The twenty-first century has seen the development of the concept of soft power in world politics and international relations (Nye 2004). Russia has played its part in the global trend of seeking to influence hearts and minds in the information age with a number of initiatives in the first decade of the century designed to promote its image abroad (see Introduction). The year 2014 marked a shift towards nationalism in Russia’s narrative of national identity and in the way it presented itself and was received on the global stage, largely due to the annexation of Crimea (Teper 2016: 387). In the same year the Russian government introduced a state cultural policy focused on promoting national unity with a basis in a shared Russian cultural heritage preserving traditional values. Following this initiative, it is timely to examine how canonical works and writers of the past are appropriated in current discourses on Russian culture.
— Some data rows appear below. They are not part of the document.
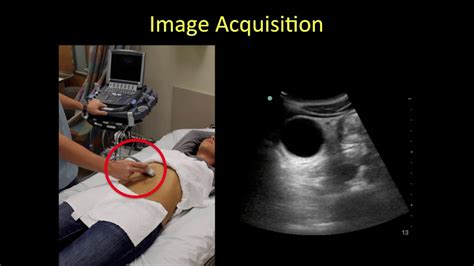 Gallbladder Point Of Care Ultrasound Tutorial Youtube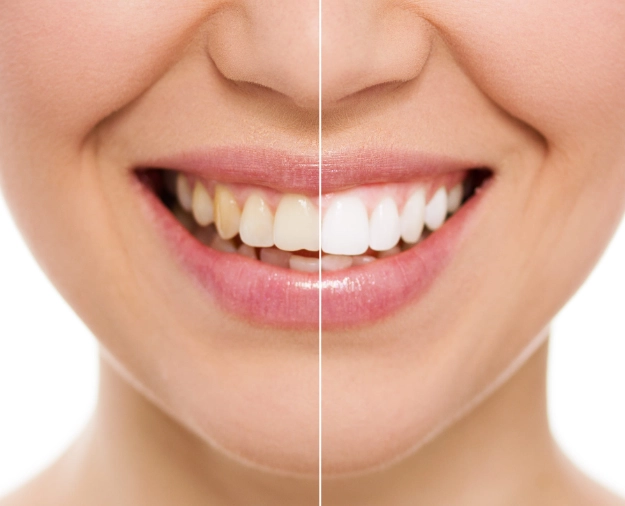 maintain white teeth after strips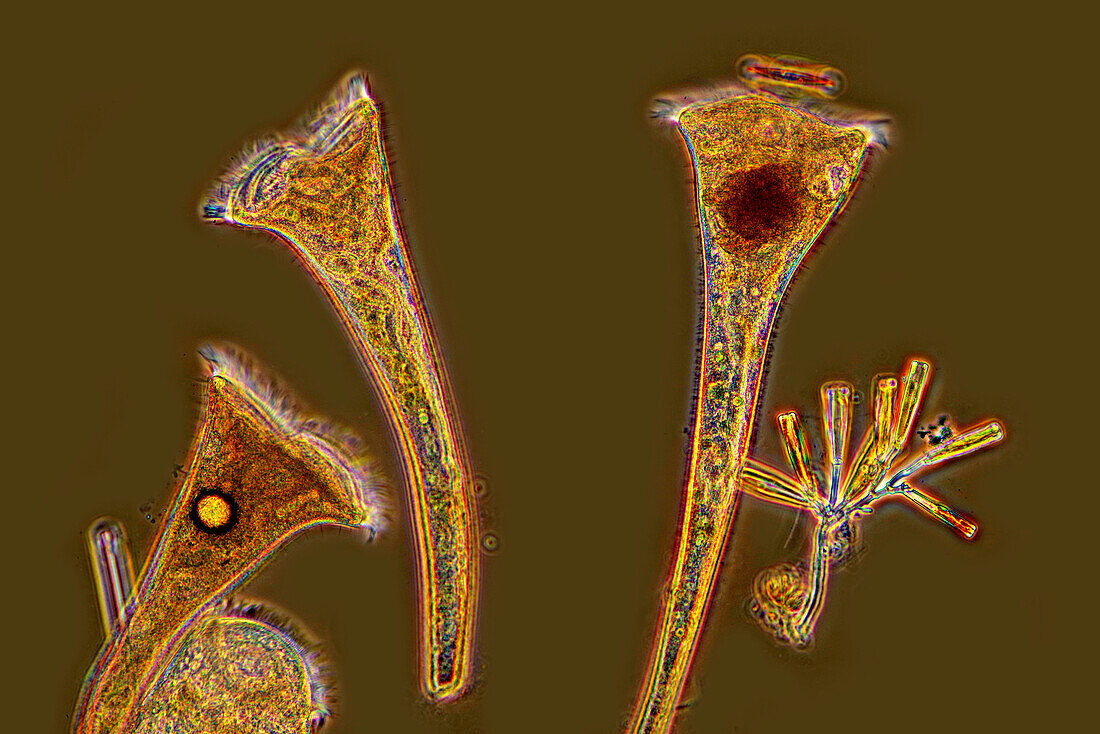 Stentors ciliate, light micrograph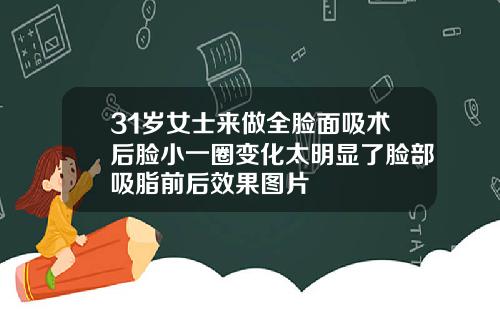 31岁女士来做全脸面吸术后脸小一圈变化太明显了脸部吸脂前后效果图片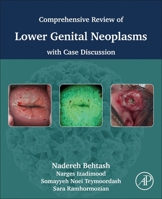 Comprehensive review of lower genital neoplasms: With case discussion 0443445648 Book Cover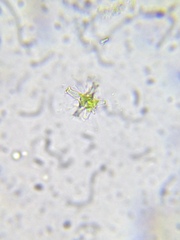 Staurastrum brachiatum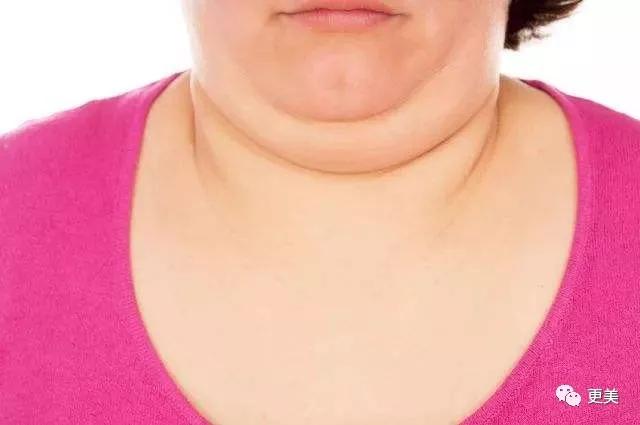 脂肪堆积 脂肪堆积导致脖子短粗很好理解,发胖一般都是全身胖,肩膀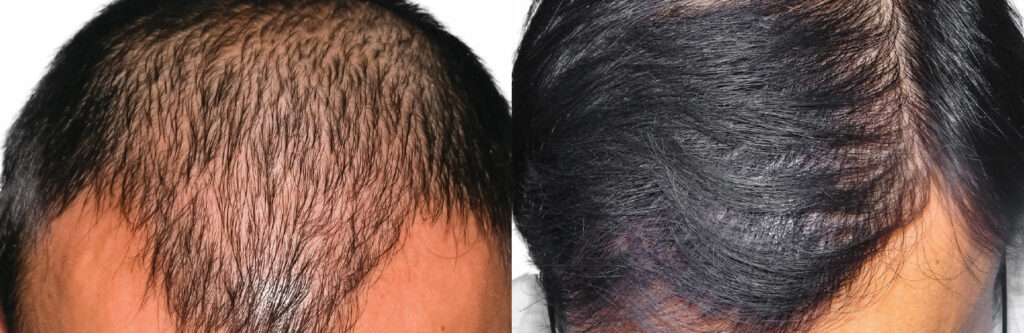 Hair Transplant before and after photo by Elite Dermatology & The Oaks Plastic Surgery in Houston TX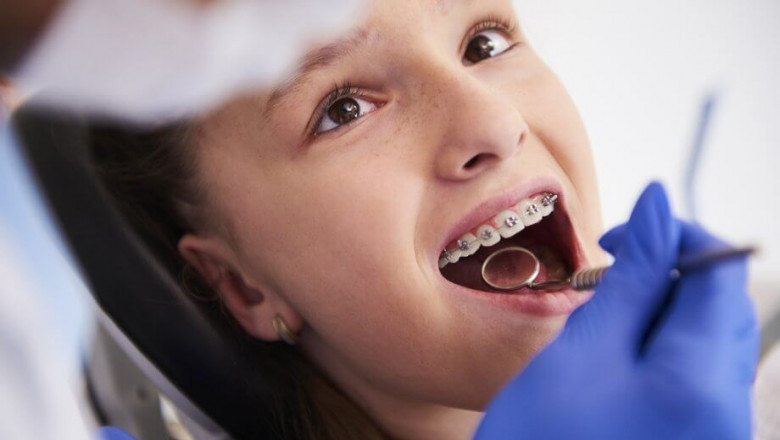 What Is The Cost difference in Lingual Braces In Comparison To Other Braces?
This chapter seeks to examine the tensions around Lev Tolstoy, one of Russia’s greatest cultural icons and an opponent of all forms of state intervention in civic life, in the light of the Russian state’s aim to use culture to conserve and reinforce a historically founded, unified image of Russia. Ultimately I aim to determine what factors are influencing the formation of the literary canon in Russia today, and how these factors affect the contemporary reception of Tolstoy in Russia. I shall use War and Peace as a case study to explore tensions between national and transnational information flows and to shed light on the mutual interplay between canon formation, national identity and nation branding in the era of globalization.